Task prompt ::
No pictures go into the copy. Write out exactly the lines below from the one containing "Familia Que Recorre" through the one containing "Amble Inn Motel Masterton Kültér fotó".

Task material ::
----

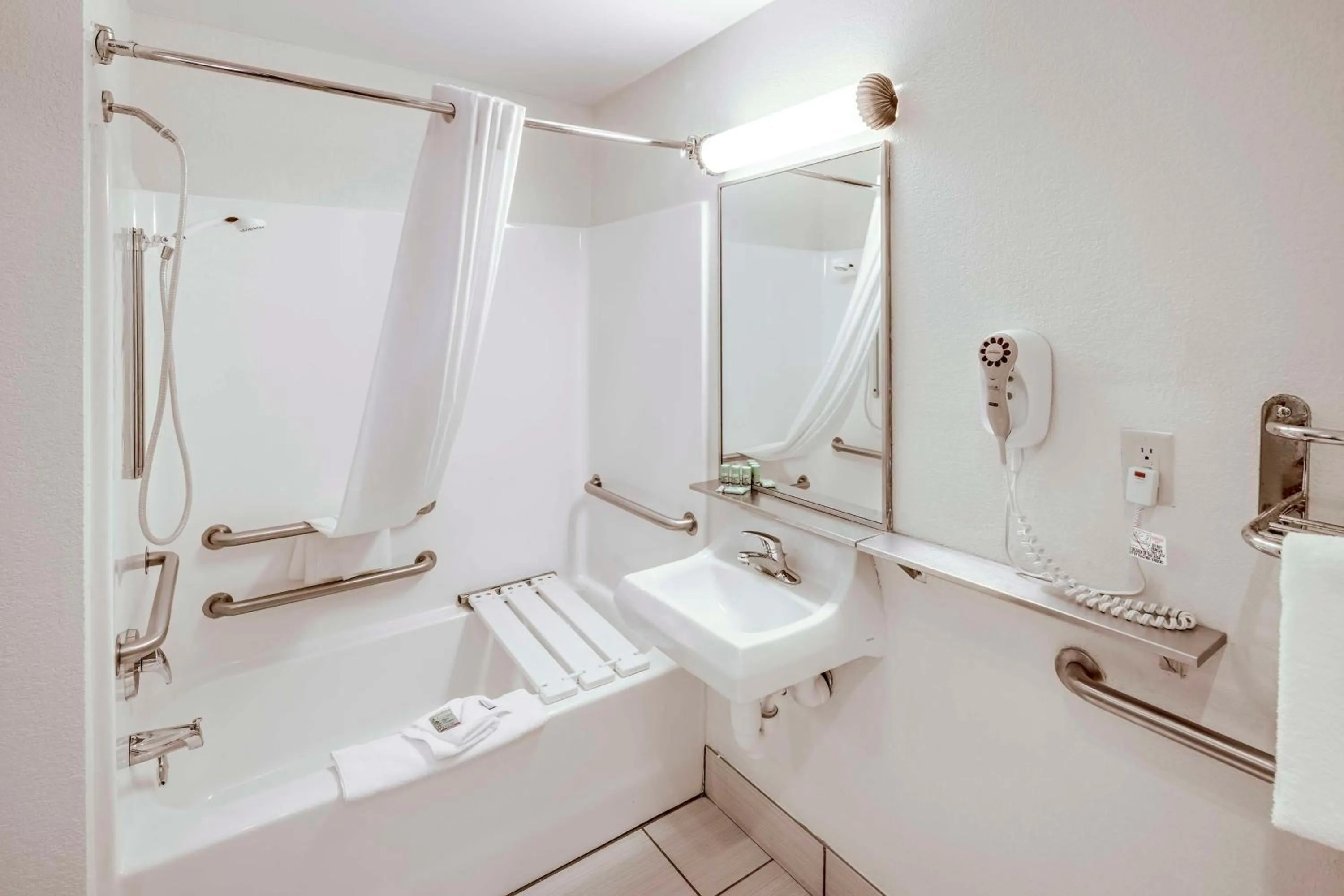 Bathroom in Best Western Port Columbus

----

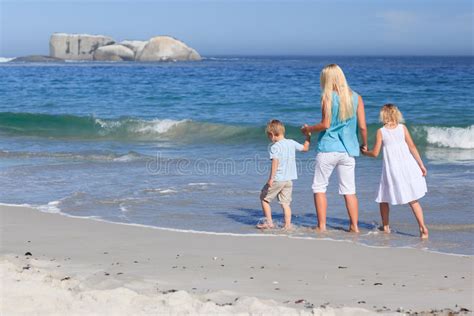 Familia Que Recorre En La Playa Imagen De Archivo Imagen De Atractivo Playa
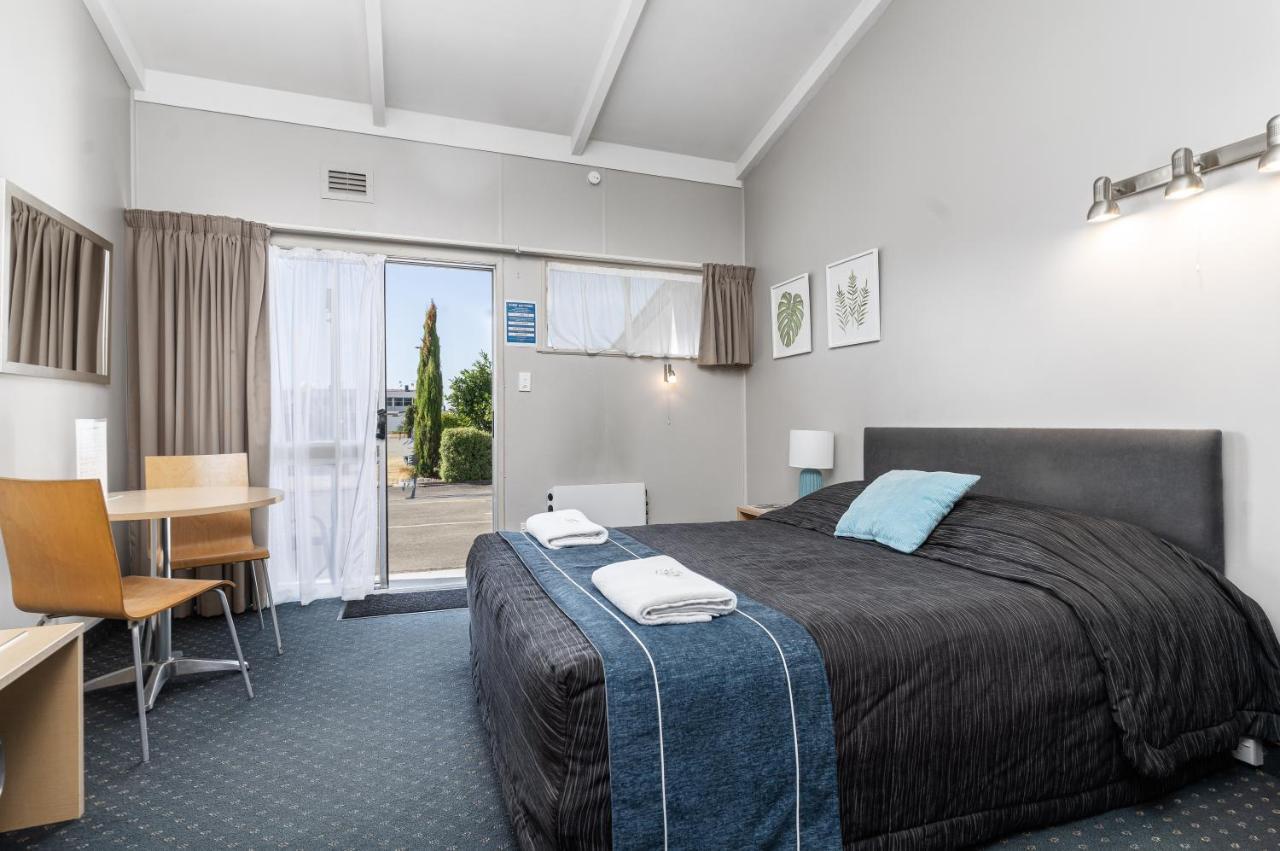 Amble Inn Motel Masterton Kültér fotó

----

Answer below ::
 Familia Que Recorre En La Playa Imagen De Archivo Imagen De Atractivo Playa
 Amble Inn Motel Masterton Kültér fotó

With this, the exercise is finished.